This was originally filed here
When pants moves to its own repository, I'd like to take the opportunity to do a code reorg in order to make it easier for other projects / repositories / organizations to use pants.
current layout
Backends (java, scala, python, etc) consist of tasks and targets, and basic wiring into phases. Right now the code org is something like this:
- pants.bin
- pants.base
- pants.commands
- pants.doc
- pants.goal
- pants.java
- pants.python
- pants.pants_doc
- pants.python
- pants.targets
- pants.tasks
Bolded is what I consider to be "pants core" – as in pants simply can't operate without code in there. Specifically this is the execution engine and ancillary stuff like base classes for everything else (Task, Goal, Target.) Currently the Task/TaskError base classes are in pants.tasks.init but should be moved into pants.base.
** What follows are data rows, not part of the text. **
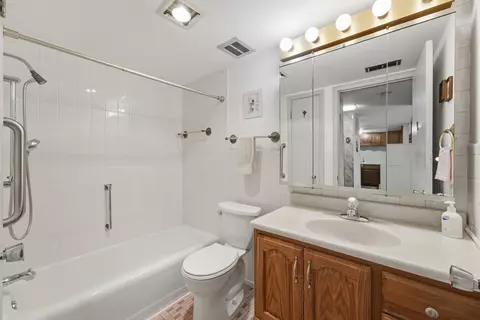 Bath - 100 Deborah Ln #28B, Wheeling, IL 60090 photo 1 of 1
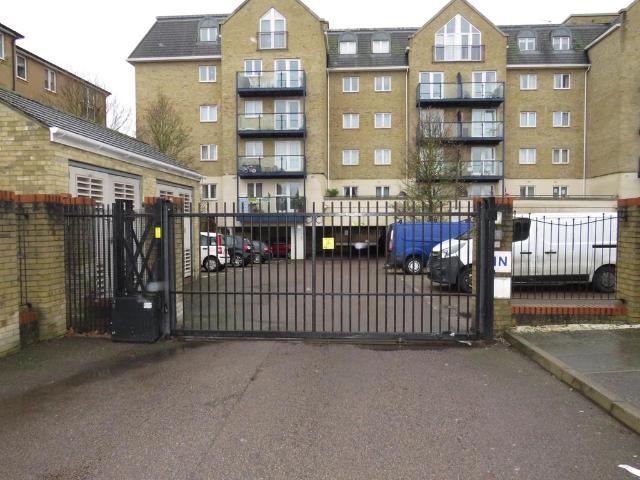 Flat for rent in Broxbourne, Isle Of Man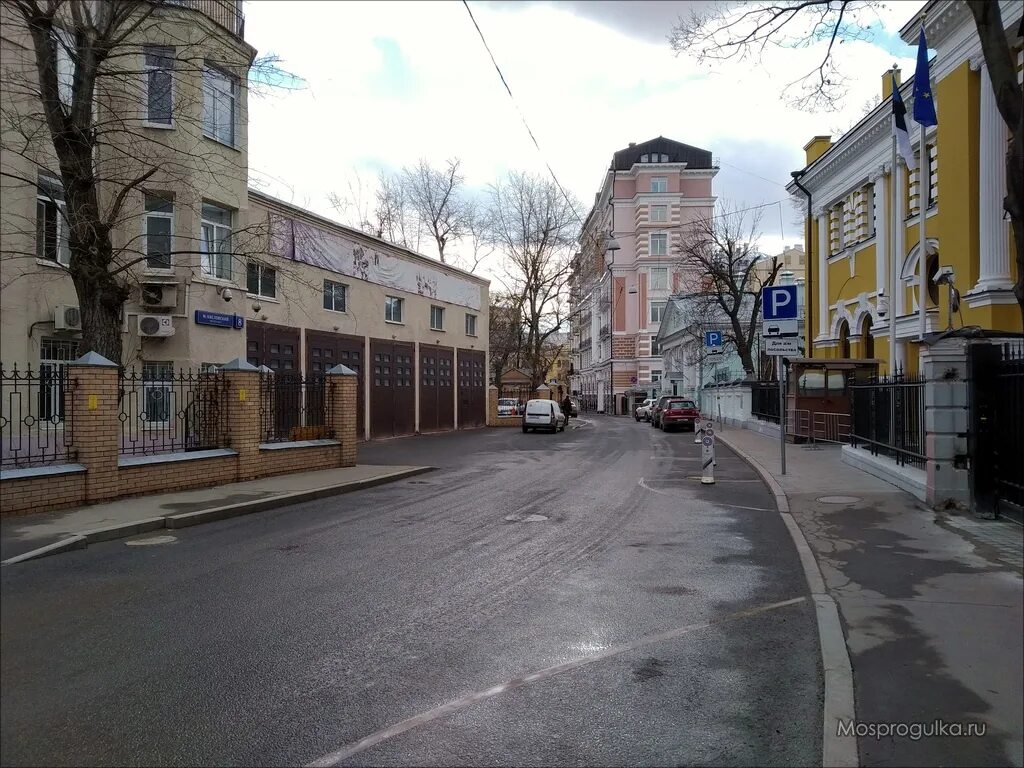 Средний кисловский переулок москва. Среднекисловский переулок 710. малый кисловский переулок 6. кисловские переулки в москве. памятник калинину кисловский переулок.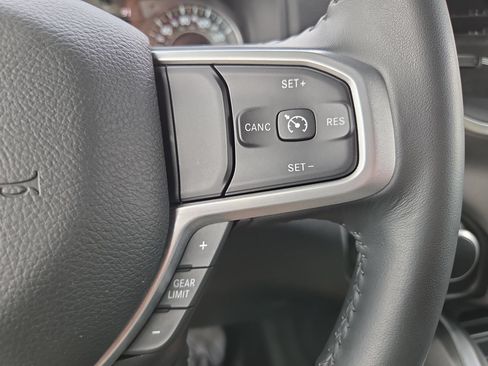 Used 2022 RAM 1500 Big Horn AWD/4WD image 31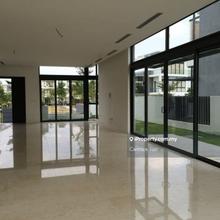 Walking distance to MRT and LRT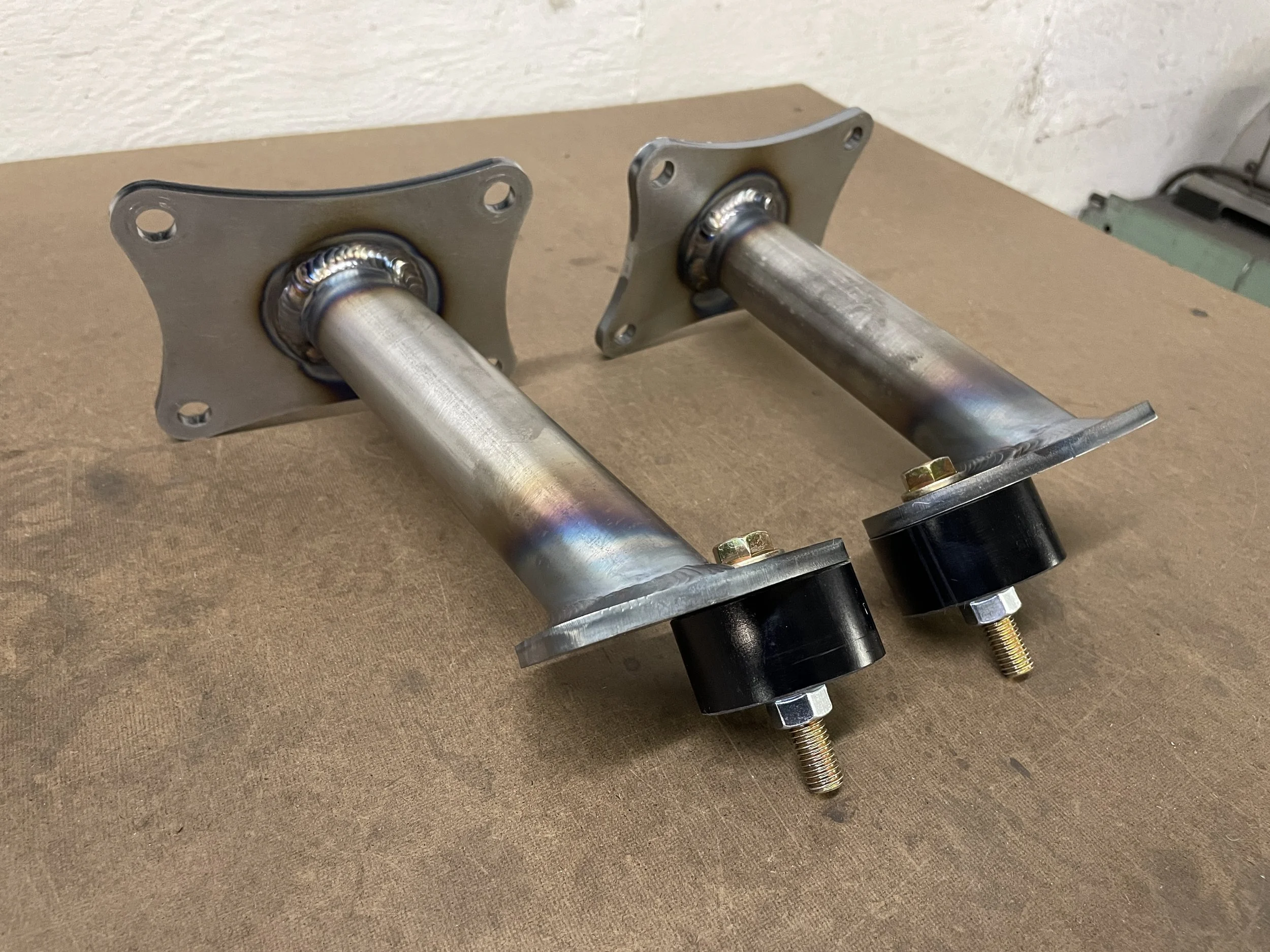 E46 V2 LS Swap Engine Mount Set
While pants/init.py contains some code necessary for pants to run (get_buildroot), most of it should be moved out to the leaves (is_* e.g. is_java, is_scala) and 'from twitter.pants.targets import *' should go away entirely.
new backend layout
I propose that everything in pants.java, pants.python, pants.targets and pants.tasks be reorganized (temporarily) into a new toplevel directory:
With the following layout:
- pants.backend.{language}.init
- pants.backend.{language}.base
- pants.backend.{language}.targets
- pants.backend.{language}.tasks
Each backend is treated as a namespace package so that they can more easily be developed by third parties. This model works naturally with the python.new backend, and for the most part with the Java and Scala backends.
One case where this is more challenging is IDL backends. My proposal for handling this is by making the CodeGen(Task) base class in pants.base the canonical base class for code generation, and specific pants.backend.thrift and pants.backend.protobuf IDL backends that other backends can then depend upon. For example, pants.backend.python would depend upon pants.backend.thrift, and subclass the ThriftGen base from pants.backend.thrift.base to create a Python-specific codegen target. (I've already done the refactor in the python.new branch to make this more straightforward through language-specific createtarget abstract base classes.) So rather than the 'gen' phase with 'gen:thrift' and 'gen:protobuf' goals, you'd have the 'gen' phase with 'gen:thrift-python', 'gen:thrift-java', 'gen:protobuf-go' etc.
bootstrapping
To bootstrap a repository to use pants, you would do the following:
- copy the bootstrap_pants.py script into your repository and name it 'pants', chmod +x
- add a root BUILD file which sets up your source root and defines which plugins you'd like
The pants bootstrap script currently bootstraps itself from PyPI, though some of the dependent source dists have not yet been published (specifically twitter.pants, twitter.common-core, twitter.common.python) but we can do that when we're ready – especially since twitter.pants could be 'pb' or 'pantsbuild' or something else. If you don't have external network access, you'd add a field in pants.ini that specifies where the bootstrapper should be looking for artifacts and you'd cache them locally. Similarly, by default the bootstrap script bootstraps the latest version of pants, but you could address specific versions in the pants.ini using the existing Requirement format (e.g. 'pb==0.3.2' or 'pb>0.3,<1').
The bootstrapper script would write pants.pex and on subsequent runs 1) check the pants.pex version to make sure it's compatible with the one defined in pants.ini and if so 2) os.execv.
repository BUILD
The root BUILD would look like:
require('pants.backend.java==0.2.3')
require('pants.backend.python')
require_path('plugins/foursquare')
# [any extra project specific methods or variables defined here]
Each backend would be a PythonLibrary with a corresponding SetupPy artifact, which can have install_requires in order to dictate dependencies (e.g. pystache, boto, pants.backend.thrift, whatever.) The upside being that 1) this is all already implemented and 2) they could write a backend as a standard setup.py project outside of pants.
require_path would simply look for an init.py in that directory and install everything there into the root namespace.
Currently for BUILD files to be usable, we autoinject 'from pants.targets import *' and 'from twitter.common.quantity import Amount, Time' in every single one. Instead, we'd deposit the union of the namespaces created by the buildroot BUILD, and the init.py of each registered backend into all down-tree BUILDs. The backend _init_s would also be responsible for wiring tasks into phases.